なによりも一番がっかりしたのは、ミタツ様の移動が74年周期、すなわち前回が1944年(太平洋戦争終戦の前年?)だったという重大極まる設定が、ほとんど何も回収されずに終わったことです。
現人神たる天皇の守る国だった日本の敗戦は、ミタツ様に対する国家の不義によって、あるいはミタツ様の何らかの意思によってもたらされた国難だったのか?それを引き起こしたきっかけは貞さんだったのか?貞さんはそれをどう総括しているのか?物語の作者は、戦後70年以上経っても今もって回収されずにいるこの「神国日本」伝説に対する終止符を、どのように打とうとしているのか?…ということに興味津々で最終回を見たのですが、それに対する答えは何も示されず、74年周期という数字に大した意味もなかったことが顕わになってしまいました。本当にがっかりです。

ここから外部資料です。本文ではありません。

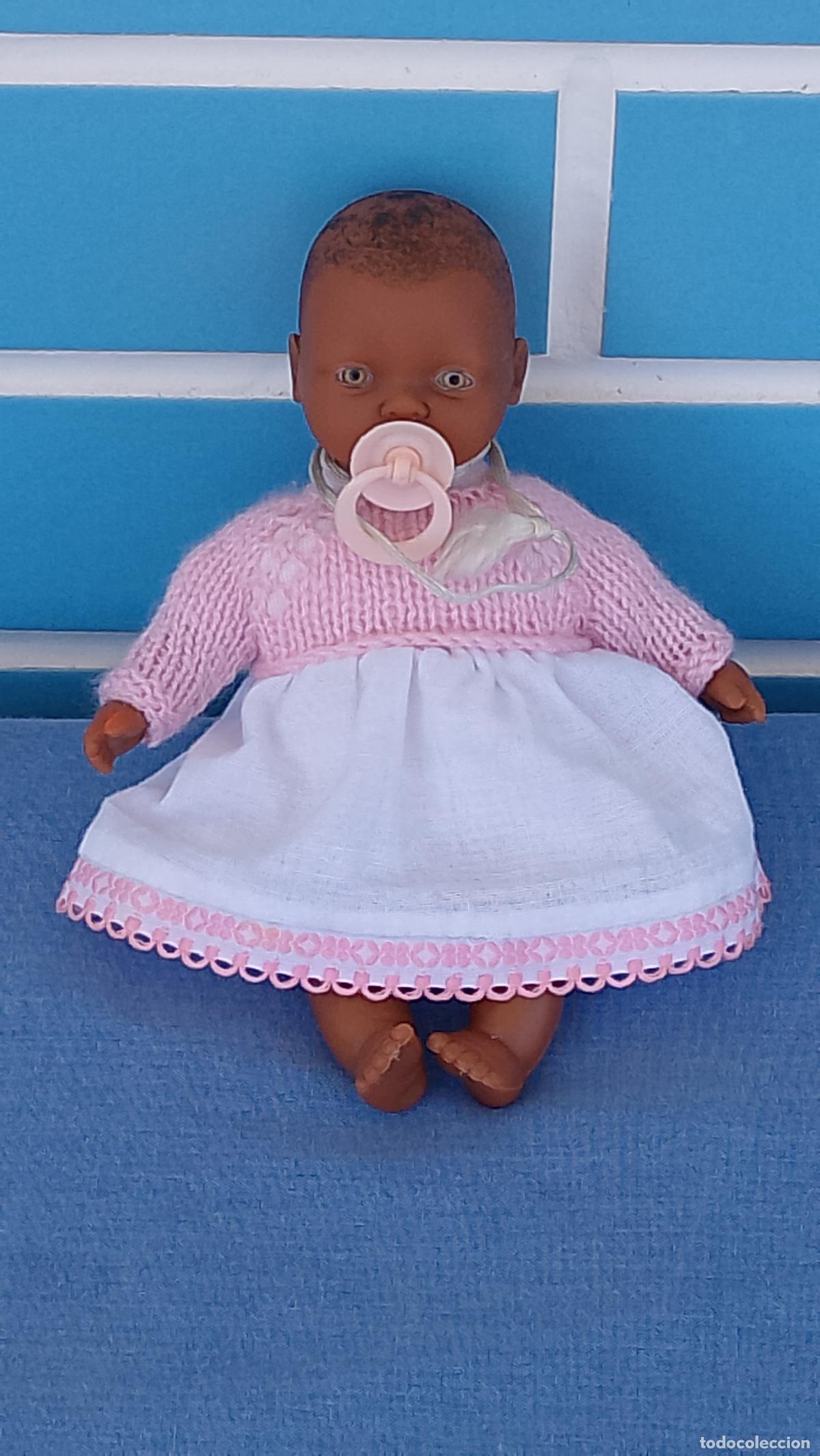 Mu&ntilde;ecas espa&ntilde;olas modernas: Mu&ntilde;eco antiguo Mini Beb&eacute; negro de mu&ntilde;ecas b.b. - Foto 1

前回のミタツ様のお目覚め当時、少なくとも10代後半だったはずの貞さんは計算上は90歳を越えているはずなのに何であんなにぴんぴんしてるの?というご都合主義を全部取っ払っても、樋口×岡田のコンビがこの大きなテーマに対してどんな思想を見せつけてくれるのか、これにずばり答えを示してくれたら、それこそあらゆるご都合主義批判を跳ね返せるパワーをこのアニメは持つはずでした。しかし、それはなされませんでした。
その他にも、Dパイのスーツの意味とか高卒で空自に入った主人公の年齢やマツリゴトと自衛隊の関係など、細かいところで色々と設定が破綻しているというか、御都合主義があちこちに垣間見えてしまい、いっしょに観ていた子どもにすら突っ込まれる始末。壮大なスケールのアイデア倒れ、というべきでしょうか。残念でした。